[Opening Provided entries section]

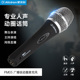 Alctron PM05动圈话筒演唱麦克风卡拉Ok话筒麦克风 爱克创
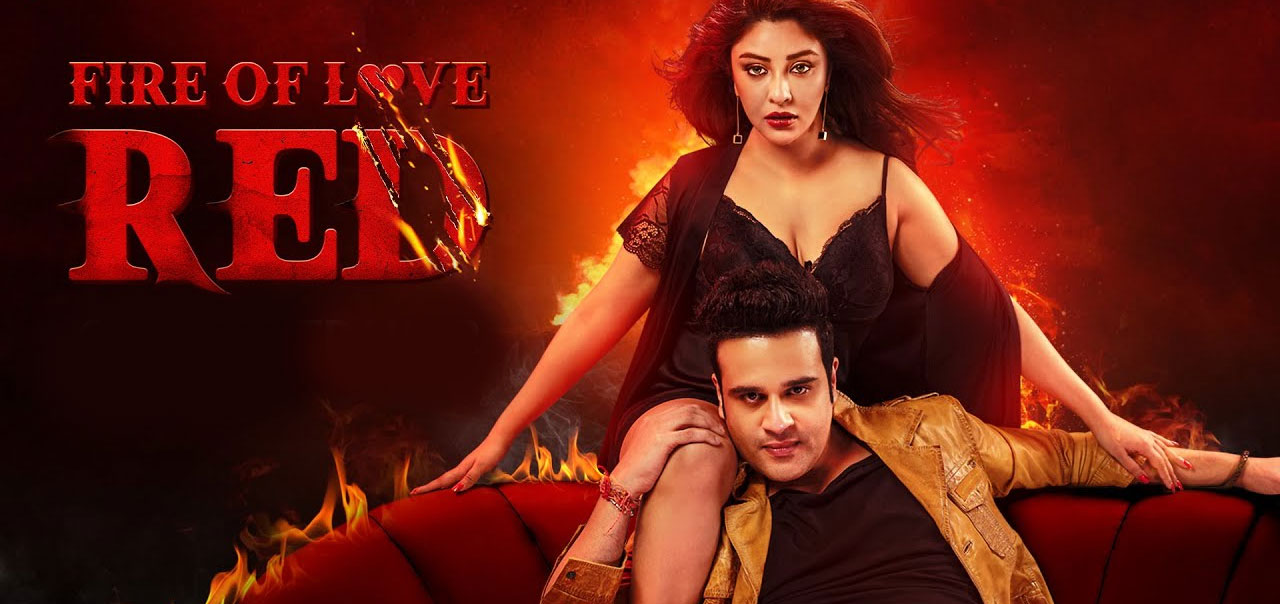 Fire of Love : Red Hindi Movie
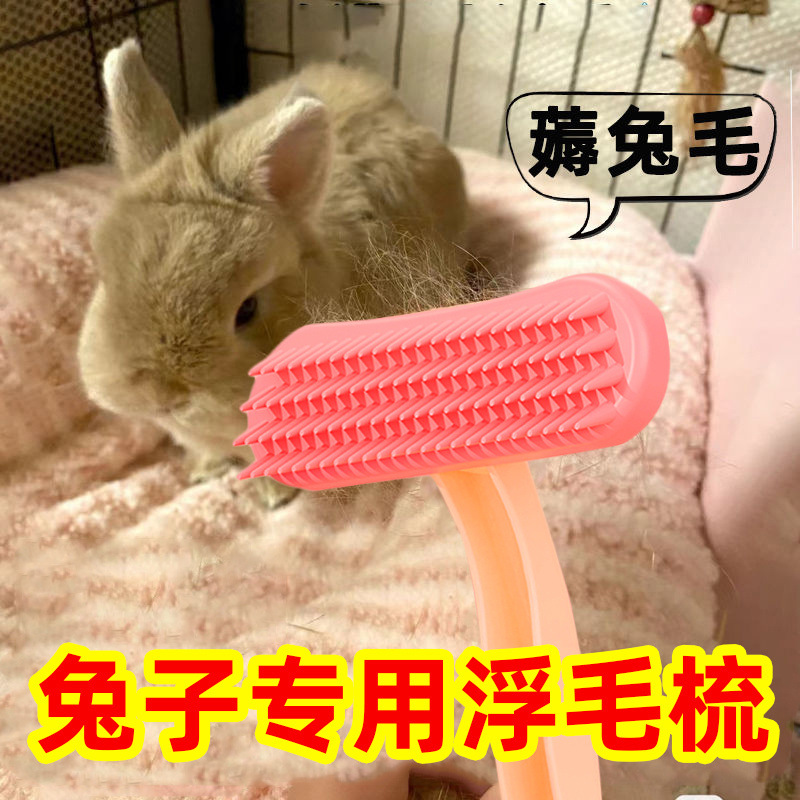 Расческа для кроликов, расческа для купания, силиконовая щетка для удаления шерсти, для шиншилл, морских свинок, принадлежности для кроликов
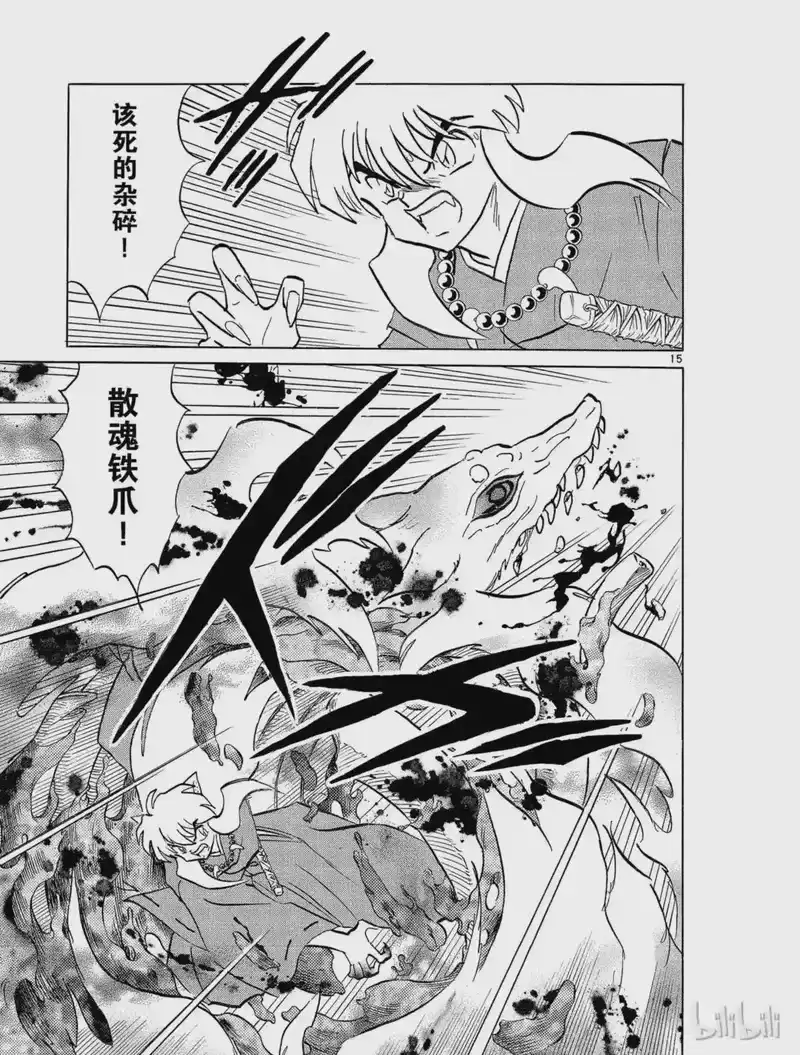 犬夜叉（WIDE版）_h 197 式神 第15页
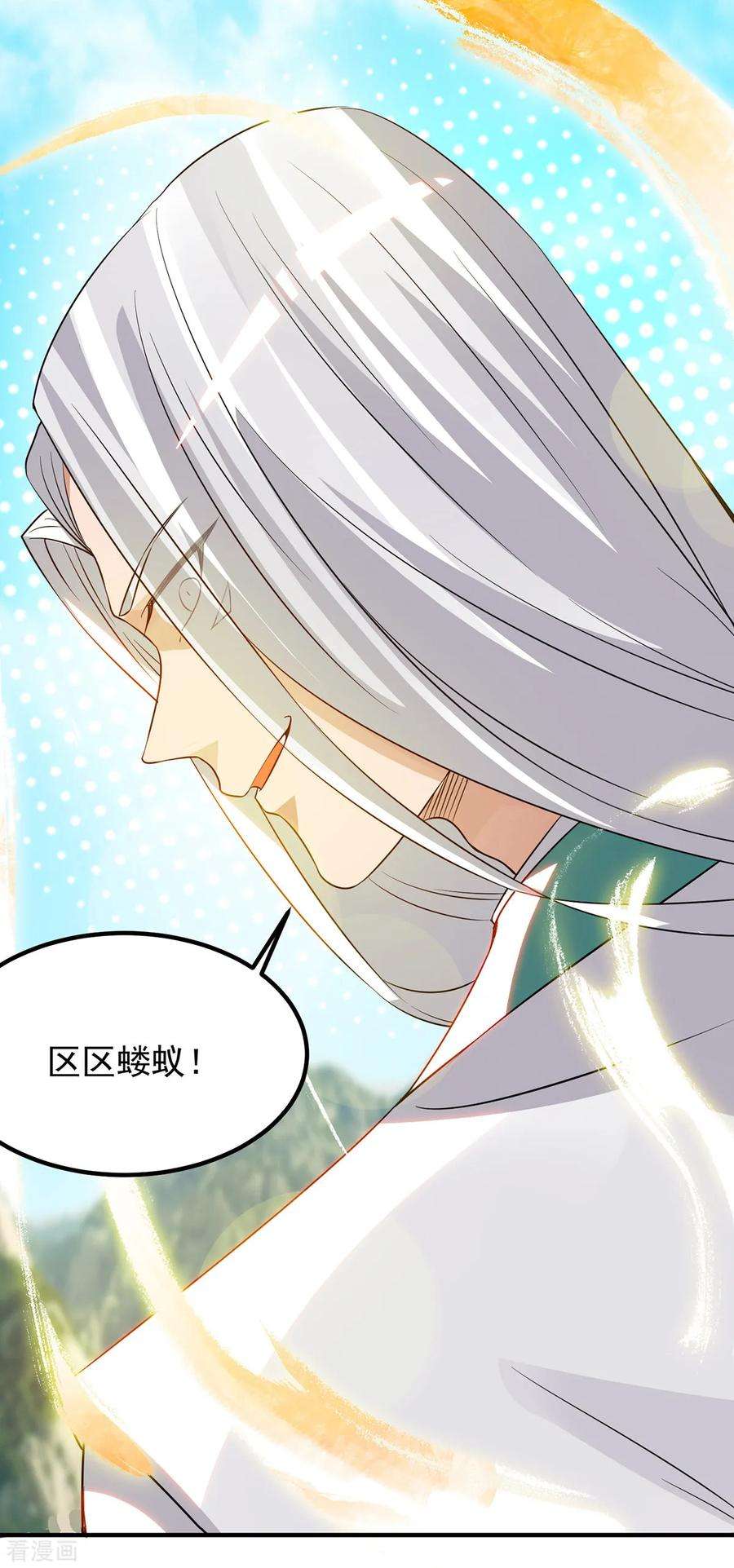 我有九个女徒弟69话 师傅人家灵气耗尽了~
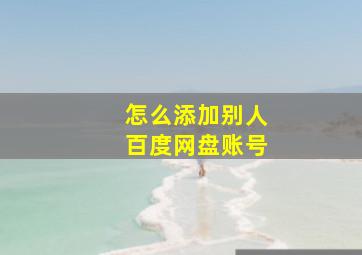 怎么添加别人百度网盘账号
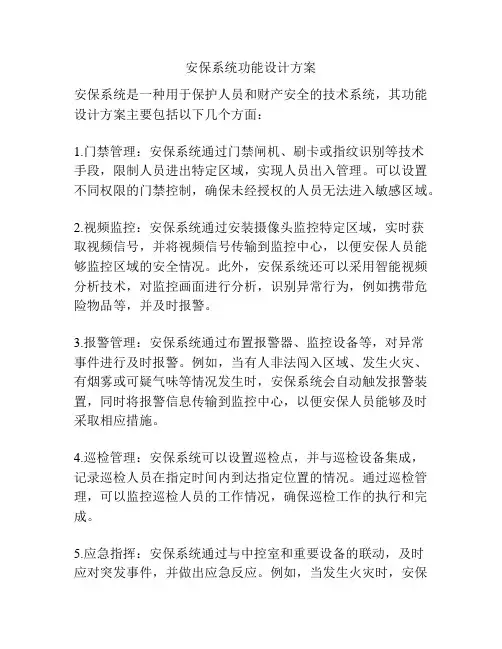 安保系统功能设计方案
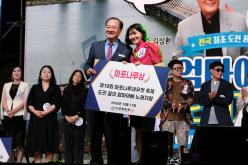 엄마아빠 노래자랑- 제19회 마포나루 새우젓축제 47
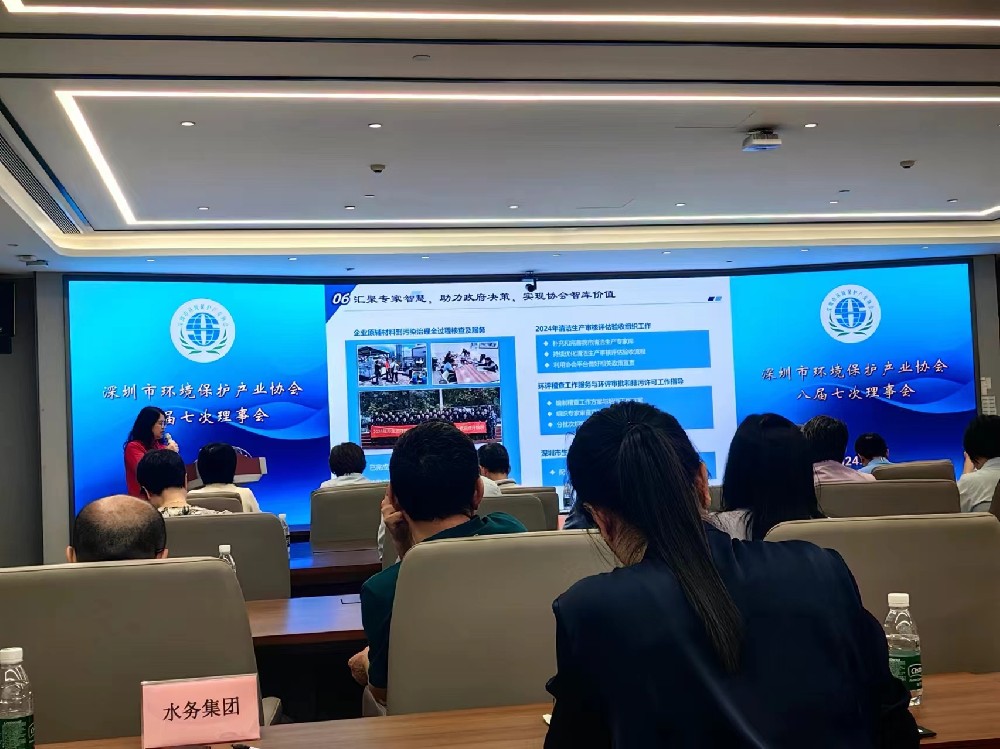 恒大興業受邀出席深圳市環境保護產業協會八屆七次理事會，共繪環保產業新藍圖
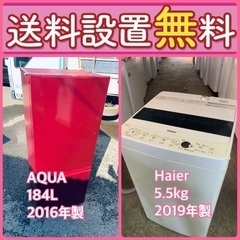 送料設置無料❗️赤字覚悟⭐️二度とない限界価格❗️冷蔵庫 送料設置無料❗️赤字覚悟⭐️二度とない限界価格❗️冷蔵庫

[Closing Provided entries section]

What is needed is an exact reproduction of the data, pictures excluded.

Output below =
 Alctron PM05动圈话筒演唱麦克风卡拉Ok话筒麦克风 爱克创
 Fire of Love : Red Hindi Movie
 Расческа для кроликов, расческа для купания, силиконовая щетка для удаления шерсти, для шиншилл, морских свинок, принадлежности для кроликов
 犬夜叉（WIDE版）_h 197 式神 第15页
 我有九个女徒弟69话 师傅人家灵气耗尽了~
 怎么添加别人百度网盘账号
 安保系统功能设计方案
 엄마아빠 노래자랑- 제19회 마포나루 새우젓축제 47
 恒大興業受邀出席深圳市環境保護產業協會八屆七次理事會，共繪環保產業新藍圖
 送料設置無料❗️赤字覚悟⭐️二度とない限界価格❗️冷蔵庫 送料設置無料❗️赤字覚悟⭐️二度とない限界価格❗️冷蔵庫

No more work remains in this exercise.